(Stored items)
......
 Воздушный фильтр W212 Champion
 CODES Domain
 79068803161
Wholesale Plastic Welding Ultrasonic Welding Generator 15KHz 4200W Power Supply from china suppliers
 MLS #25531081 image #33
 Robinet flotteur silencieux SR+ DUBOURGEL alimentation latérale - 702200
......
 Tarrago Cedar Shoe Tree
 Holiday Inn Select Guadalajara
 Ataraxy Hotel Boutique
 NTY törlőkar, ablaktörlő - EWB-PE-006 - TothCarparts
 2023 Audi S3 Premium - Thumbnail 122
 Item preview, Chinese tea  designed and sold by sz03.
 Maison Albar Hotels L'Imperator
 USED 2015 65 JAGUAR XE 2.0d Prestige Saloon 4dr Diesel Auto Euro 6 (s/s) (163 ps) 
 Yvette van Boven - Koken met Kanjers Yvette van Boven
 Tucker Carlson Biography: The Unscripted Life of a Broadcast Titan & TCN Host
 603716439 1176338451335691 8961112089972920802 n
......
> What is being asked: Copy out, exactly and alone, the lines of the entries above between the ones holding "Воздушный фильтр W212 Champion" and "Robinet flotteur silencieux", inclusive.

> Task output:
 Воздушный фильтр W212 Champion
 CODES Domain
 79068803161
Wholesale Plastic Welding Ultrasonic Welding Generator 15KHz 4200W Power Supply from china suppliers
 MLS #25531081 image #33
 Robinet flotteur silencieux SR+ DUBOURGEL alimentation latérale - 702200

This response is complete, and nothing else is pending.